Enviado em: 21/08/2023
Parágrafo de contexto: Foi uma das atividades avaliativas de literatura de língua inglesa: contos. De início achei a atividade bem complicada, mas acabei me encontrando um paralelo entre as literaturas, no caso a literatura inglesa e a brasileira. A atividade consistia em selecionar um conto lido na disciplina e reescrever algum trecho dele, modificando suas características narrativas. Escolhi o conto: "The Doll's House", no qual temos uma descrição longa. Abaixo, você poderá ler primeiro o trecho original seguido da minha reescrita, e um comentário reflexivo no final.
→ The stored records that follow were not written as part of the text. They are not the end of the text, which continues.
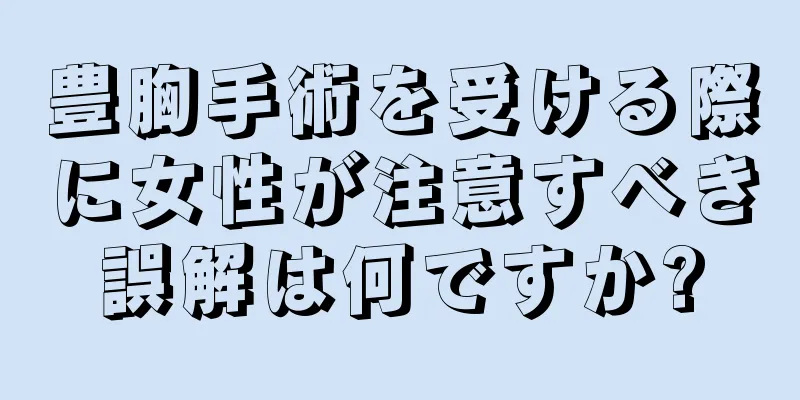 豊胸手術を受ける際に女性が注意すべき誤解は何ですか?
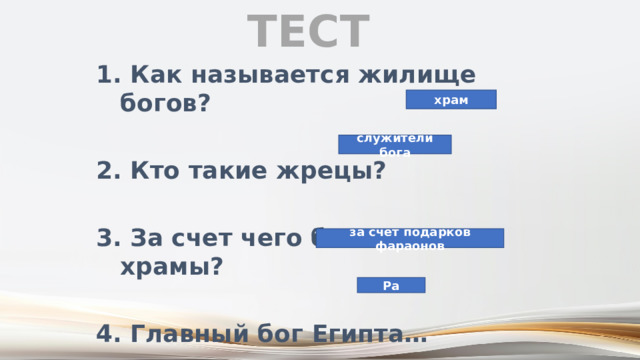 Тест 1. Как называется жилище богов?  2. Кто такие жрецы?  3. За счет чего богатели храмы?  4. Главный бог Египта… храм служители бога за счет подарков фараонов Ра 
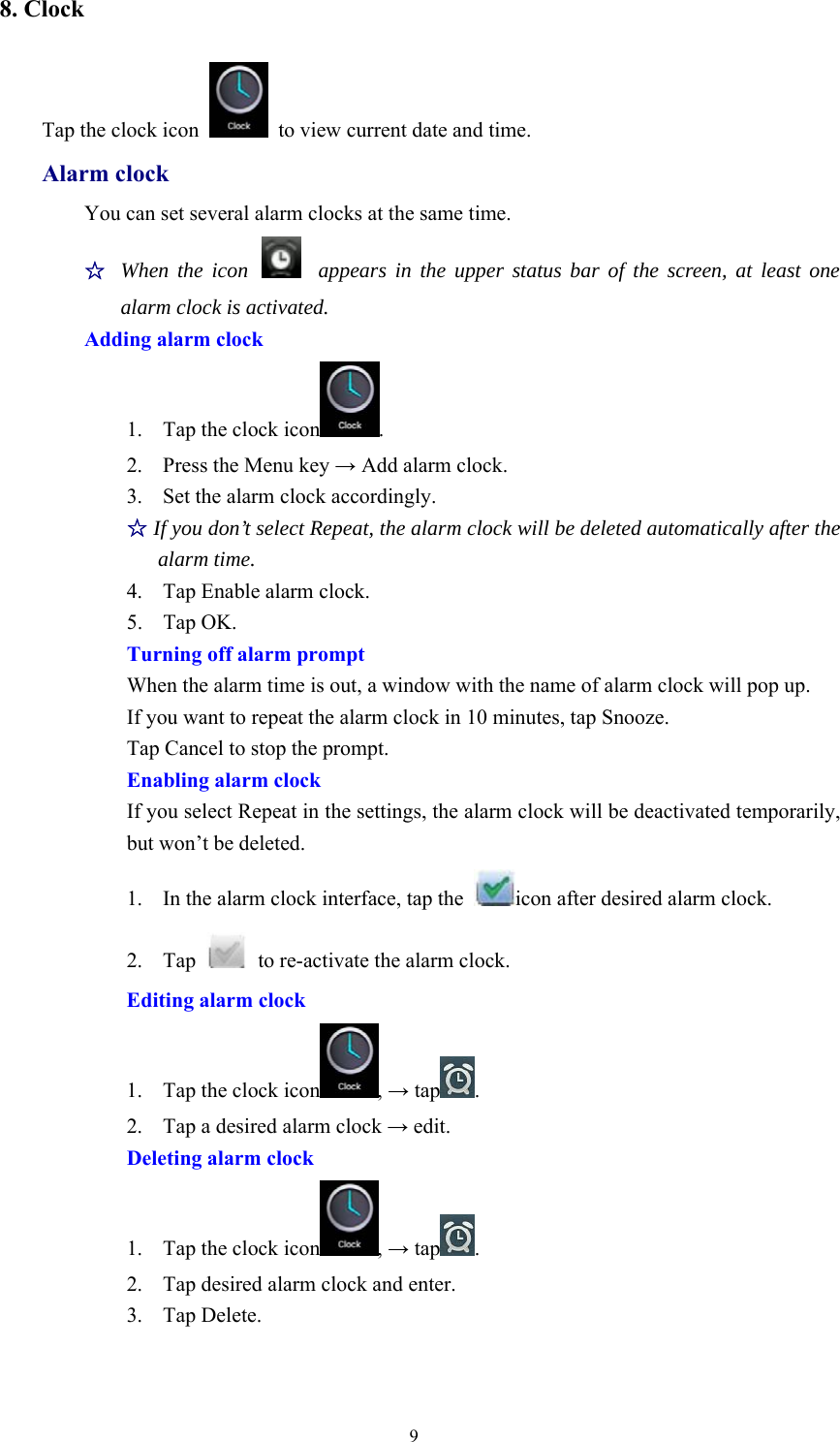 98. ClockTap the clock icon to view current date and time.Alarm clockYou can set several alarm clocks at the same time.☆When the icon appears in the upper status bar of the screen, at least onealarm clock is activated.Adding alarm clock1. Tap the clock icon .2. Press the Menu key →Add alarm clock.3. Set the alarm clock accordingly.☆If you don’t select Repeat, the alarm clock will be deleted automatically after thealarm time.4. Tap Enable alarm clock.5. Tap OK.Turning off alarm promptWhen the alarm time is out, a window with the name of alarm clock will pop up.If you want to repeat the alarm clock in 10 minutes, tap Snooze.Tap Cancel to stop the prompt.Enabling alarm clockIf you select Repeat in the settings, the alarm clock will be deactivated temporarily,but won’t be deleted.1. In the alarm clock interface, tap the icon after desired alarm clock.2. Tap to re-activate the alarm clock.Editing alarm clock1. Tap the clock icon ,→tap .2. Tap a desired alarm clock →edit.Deleting alarm clock1. Tap the clock icon ,→tap .2. Tap desired alarm clock and enter.3. Tap Delete.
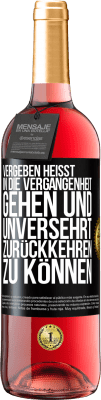 29,95 € Kostenloser Versand | Roséwein ROSÉ Ausgabe Vergeben heißt, in die Vergangenheit gehen und unversehrt zurückkehren zu können Schwarzes Etikett. Anpassbares Etikett Junger Wein Ernte 2023 Tempranillo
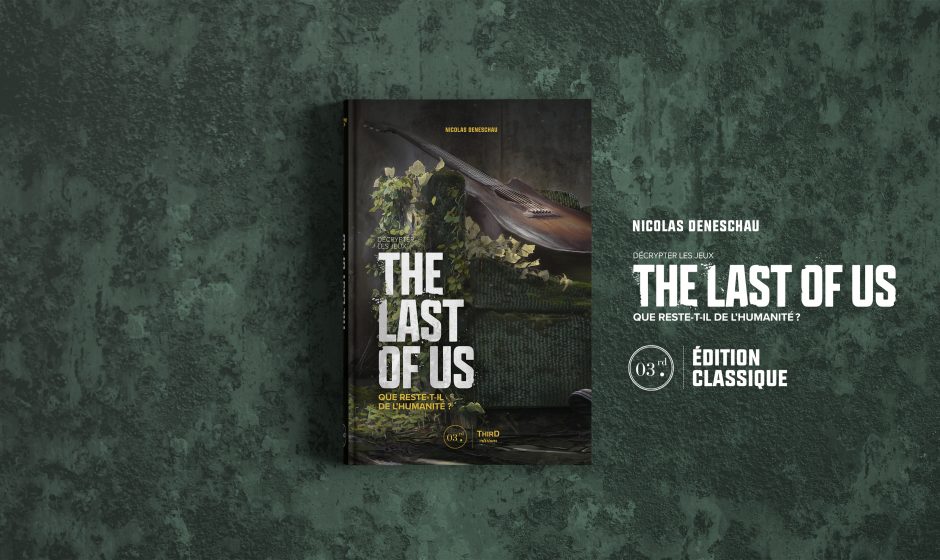 ON A LU | Décrypter les jeux The Last of Us. Que reste-t-il de l'humanité ? - Third Editions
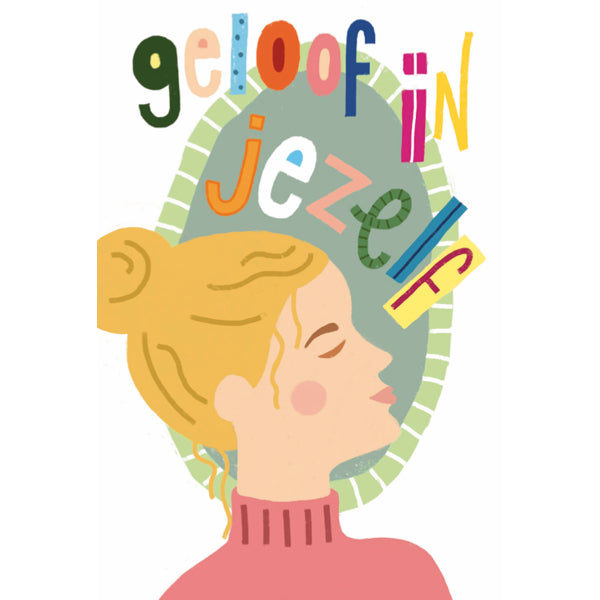 Wenskaart geloof in jezelf...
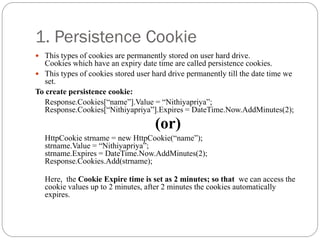 1. Persistence Cookie
 This types of cookies are permanently stored on user hard drive.
Cookies which have an expiry date time are called persistence cookies.
 This types of cookies stored user hard drive permanently till the date time we
set.
To create persistence cookie:
Response.Cookies[“name”].Value = “Nithiyapriya”;
Response.Cookies[“Nithiyapriya”].Expires = DateTime.Now.AddMinutes(2);
(or)
HttpCookie strname = new HttpCookie(“name”);
strname.Value = “Nithiyapriya”;
strname.Expires = DateTime.Now.AddMinutes(2);
Response.Cookies.Add(strname);
Here, the Cookie Expire time is set as 2 minutes; so that we can access the
cookie values up to 2 minutes, after 2 minutes the cookies automatically
expires.
 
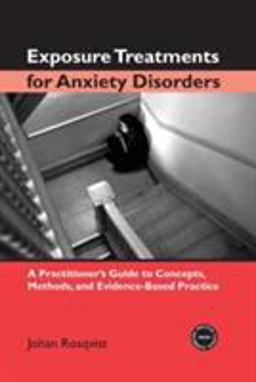 Exposure Treatments for Anxiety Disorders A Practitioner's Guide to Concepts, Methods, and Evidence-Based Practice  9780415948470 Front Cover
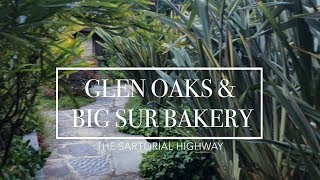 Glen Oaks & Big Sur Bakery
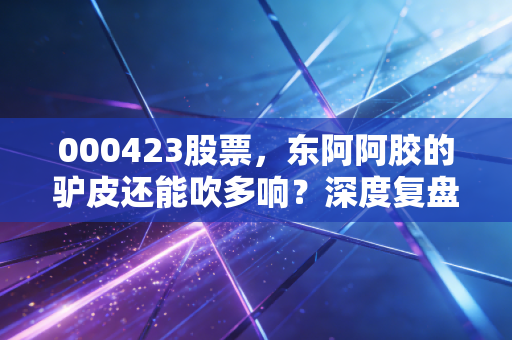 000423股票，东阿阿胶的驴皮还能吹多响？深度复盘其价值回归的艰难转身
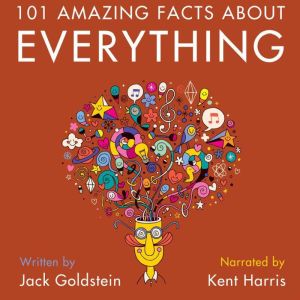 101 Amazing Facts about Everything: Prepare to have your mind BLOWN!, Jack Goldstein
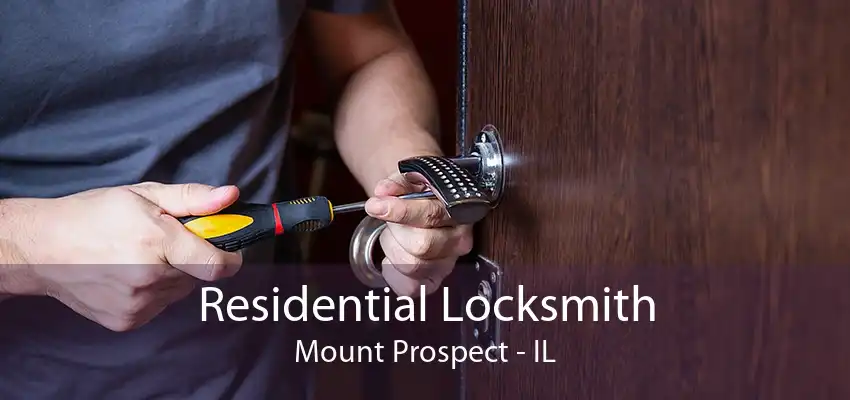 Residential Locksmith Mount Prospect - IL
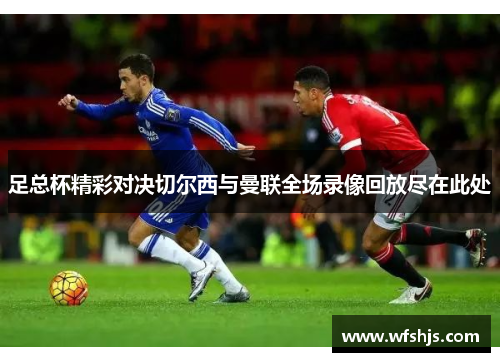 足总杯精彩对决切尔西与曼联全场录像回放尽在此处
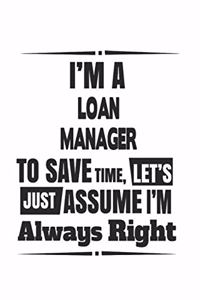 I'm A Loan Manager To Save Time, Let's Just Assume I'm Always Right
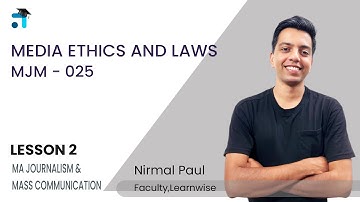 Lesson 2 (BLOCK I) | Media Ethics and Laws | MJM025 | Kerala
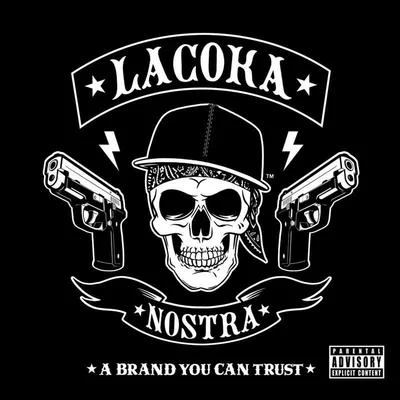 B-Real/Snoop Dogg/ILL Bill/La Coka Nostra/Slaine A Brand You Can Trust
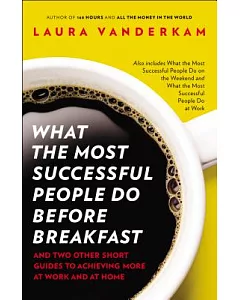 What the Most Successful People Do Before Breakfast: And Two Other Short Guides to Achieving More at Work and at Home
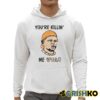 The Sandlot youre killin me Vols Shirt 3 1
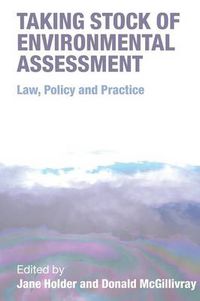 Cover image for Taking Stock of Environmental Assessment: Law, Policy and Practice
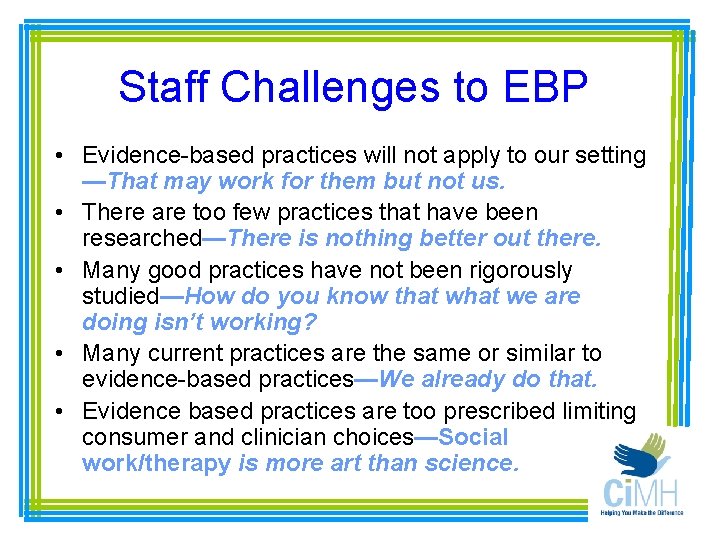 Staff Challenges to EBP • Evidence-based practices will not apply to our setting —That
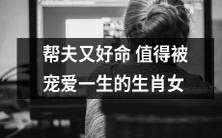 生肖女 - 值得被宠爱一生的幸福妻子:揭秘如何帮夫又好命!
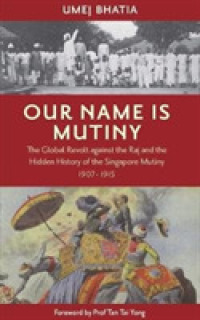 Our Name Is Mutiny : The Global Revolt against the Raj and the Hidden History of the Singapore Mutiny 1907 - 1915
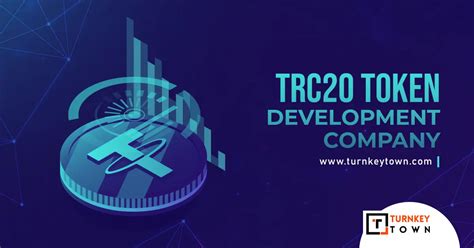 A Comprehensive Guide To Trc Token Development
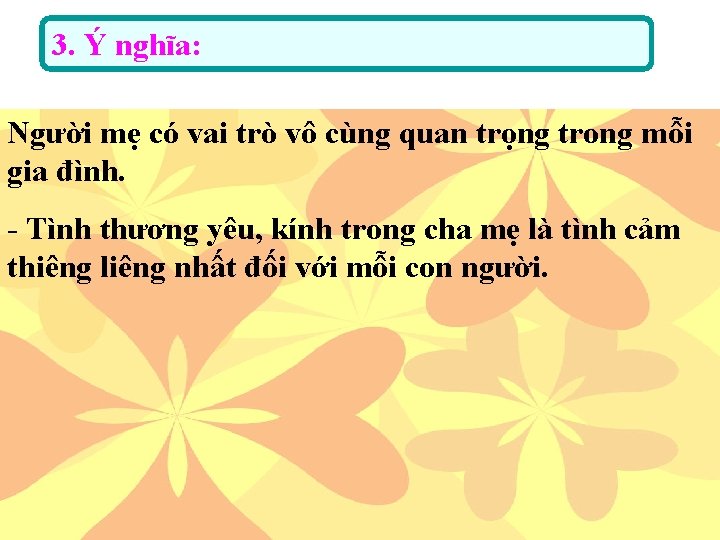 3. Ý nghĩa: Người mẹ có vai trò vô cùng quan trọng trong mỗi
Reference: MANSFIELD, Katherine. The Doll 's House. The Complete Short Stories of Katherine Mansfield (Literatura Classics Series). Available at: https://www.katherinemansfieldsociety.org/archive/www.katherinemansfieldsociety.org/assets/KM-Stories/THE-DOLLS-HOUSE.pdf. Acessed on: 6 Apr 2024.
Original excerpt
“They were the daughters of a spry, hardworking little washerwoman, who went about from house to house by the day. This was awful enough. But where was Mr. Kelvey? Nobody knew for certain. But everybody said he was in prison. So they were the daughters of a washerwoman and a gaolbird. Very nice company for other people’s children! And they looked it. Why Mrs. Kelvey made them so conspicuous was hard to understand. The truth was they were dressed in “bits” given to her by the people for whom she worked. Lil, for instance, who was a stout, plain child, with big freckles, came to school in a dress made from a green art-serge table-cloth of the Burnells’, with red plush sleeves from the Logans’ curtains. Her hat, perched on top of her high forehead, was a grown-up woman’s hat, once the property of Miss Lecky, the postmistress. It was turned up at the back and trimmed with a large scarlet quill. What a little guy she looked! It was impossible not to laugh. And her little sister, our Else, wore a long white dress, rather like a nightgown, and a pair of little boy’s boots. But whatever our Else wore she would have looked strange. She was a tiny wishbone of a child, with cropped hair and enormous solemn eyes—a little white owl. Nobody had ever seen her smile; she scarcely ever spoke. She went through life holding on to Lil, with a piece of Lil’s skirt screwed up in her hand. Where Lil went, our Else followed. In the playground, on the road going to and from school, there was Lil marching in front and our Else holding on behind. Only when she wanted anything, or when she was out of breath, our Else gave Lil a tug, a twitch, and Lil stopped and turned round. The Kelveys never failed to understand each other.”
Modified excerpt
“These boys were the sons of a robust woman who collected garbage in the metropolis of São Paulo. They were the sons of a paper collector and the first was the son of a Portuguese sailor, the second the son of a Spaniard, and the girl the daughter of a merchant. What wonderful companions they were for the other children! And what humble figures! No one understood why Carolina cared so much about her children’s education. The truth is that she dedicated herself to ensuring that her children studied and had a better future than hers. João José, for example, was very calm, liked reading comic books, accompanying his mother on her trips to and from collecting paper, and did favors for his mother when asked. He wished a better future for the family, saying that “[...] when I grow up, I won’t drink. A man who drinks doesn’t buy clothes. He doesn’t have a radio, he doesn’t build a brick house.” As for José Carlos, he was very mischievous, he was always pointing fingers at people in the favela, sometimes he would disappear into the favela, he said he would be a distinguished man and that one day his mother would call him “Seu José”.The little girl, Vera Eunice, was very vain, loved shoes, her mother’s greatest companion on her journey, said that she would buy a car “just to carry pretty people around”, the girl was an example of friendliness, liked to celebrate birthdays and parties. Even with the fights between the siblings, and family intrigues, in addition to the difficult reality of the family, the De Jesus never failed to understand each other.”
Comment
I've really liked Katherine’s short story itself, and I've really liked Carolina’s book. Through this excerpt from the short story I tried to portray the reality of the children in the novel “ O quarto de despejo” , through the description of the children, just as is the description of the girls in “The Doll’s house”.